Latest revision as of 17:54, 26 May 2025

Overview

Data engineering - software engineering with an emphasis on dealing with large amounts of data

What is Data Engineering

Enable others to answer questions using datasets, within latency constraints

Components:

Distributed systems
Parallel processing
Databases
Queuing

Purpose?

Human fault tolerance
Metrics
Monitoring
Multi-tenancy

Example of where you start:

Searches by keyword/user only
Basic statistics only
Using someone else's search engine

Example stack:

Custom crawlers ingesting data (Gearman)
Passing data off to custom workers
Dumping data to MySQL/Sphinx/etc

Problems:

Inflexibility
Corruption is highly probable
High burden on operations
No scalability
No fault tolerance

Alternative stack:

Many collectors dumping to Amazon S3
Analysis with Hadoop
ElephantDB
Low latency (but lead time of several hours)
More advanced statistics (influencer of, influenced by)

Data pipeline example:

Tweets go to S3
URLS are normalized
Each hour, new compute bucket
Sum by hour and by url
Emit ElephantDB indices

Another data pipeline example:

Tweets go to Kafka
URLs are normalized
Each hour, new compute bucket
Update hour/url bucket
Send data to Cassandra

Clojure example:

tweet reactor/tweet reaction/tweet reshare/now-secs/interaction/interaction-scores
serialization of data using thrift

Infrastructure components:

HDFS - distributed in-memory big data filesystem
MapReduce - operations on HDFS data
Kafka - messaging queue (and later, distributed processing on messages)
Storm - distributed processing
Spark - distributed, parallelized computation on HDFS data
Cassandra - scalable database
HBase - database operating on top of HDFS
Zookeeper - highly reliable distributed coordination (maintain config info, naming, synchronization, and multiple services)
ElephantDB - like a NoSQL Hadoop store - key/value data in Hadoop

Multi-tenancy:

Independent applications on a single cluster
Topologies should not affect each other
Topologies should have adequate resources (Apache Mesos)
When submitting a job, specify resources needed

Data engineering vs data science:

Data engineers have well-defined problems
Data scientists need specialized statistical skills
Data engineers deal with a larger scope - not just analytics

Open source:

Important for recruitment
Strong developers want to work where they can be involved in open source
Popular open-source projects give access to better engineers
identify good recruits, learn best practices, get help - not "free work"

Ideal data engineers:

Strong software engineering skills
Abstraction
Testing
Version control
Refactoring
Strong software engineering skills
Strong algorithm skills
Digging into open source code
Stress testing

Finding strong data engineers:

Standard "code on a whiteboard" interviews are useless
Take-home projects to gauge general abilities
Best: see projects requiring data engineering

Data Engineering Example: Twitter

Data Engineering/Twitter Example

Data Engineering Scenarios

In line with the data-engineering-scenarios Github organization that I created (https://github.com/data-engineering-scenarios), this page will contain notes on different scenarios - both finished and planned.

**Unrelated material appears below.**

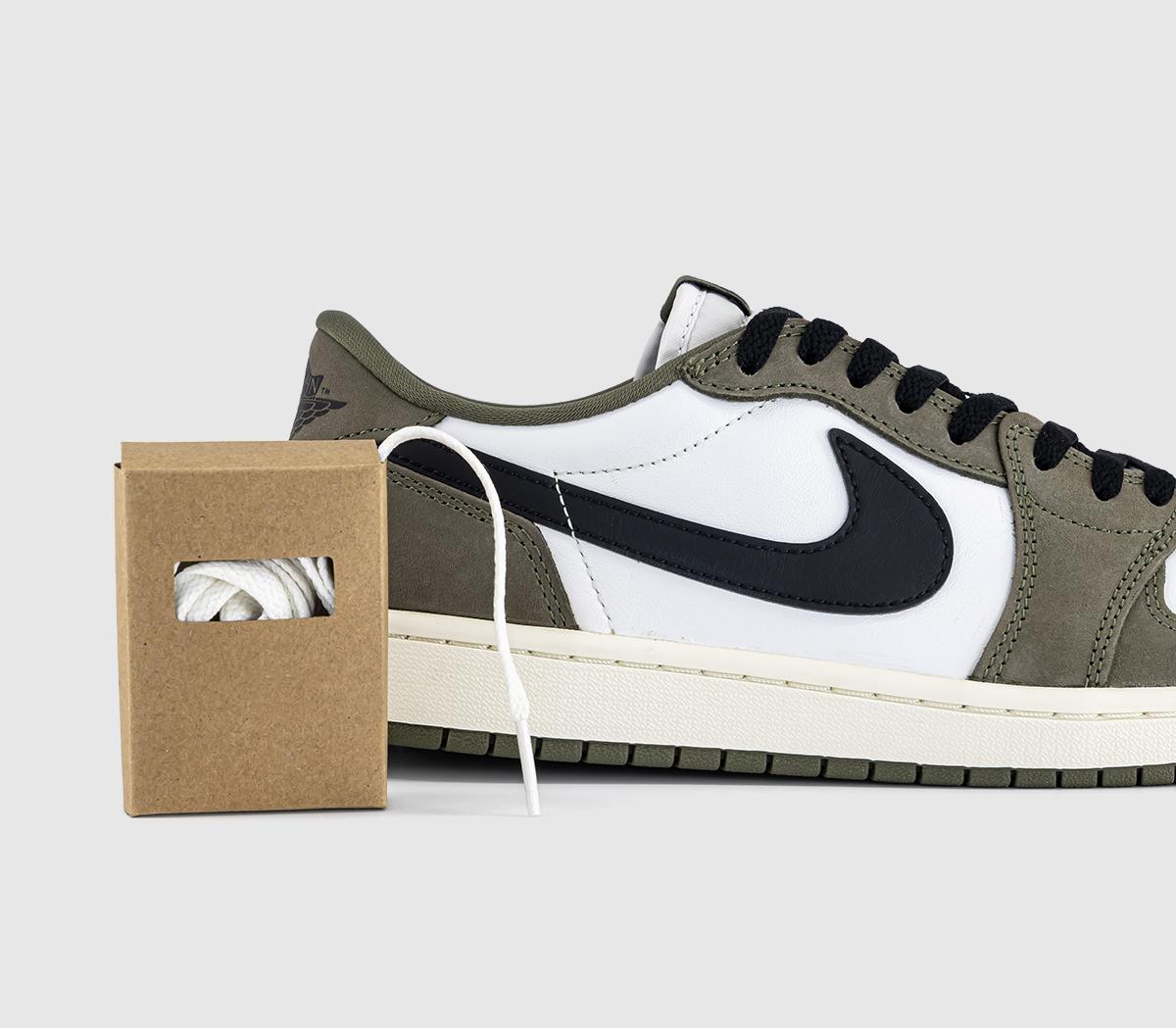 JordanAir Jordan 1 Retro Low OGMedium Olive Black Summit White Sail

These scenarios focus on different technologies available via Google Cloud or Amazon Web Services. Roughly, they can be grouped as follows:

Compute Engine

An approach to cloud infrastructure that provides a greater degree of freedom, but requires more complicated configuration. Compute Engine gives you virtual machines that start as bare metal, so you have to build/install any software you need. This can be a pain but also gives you greater control.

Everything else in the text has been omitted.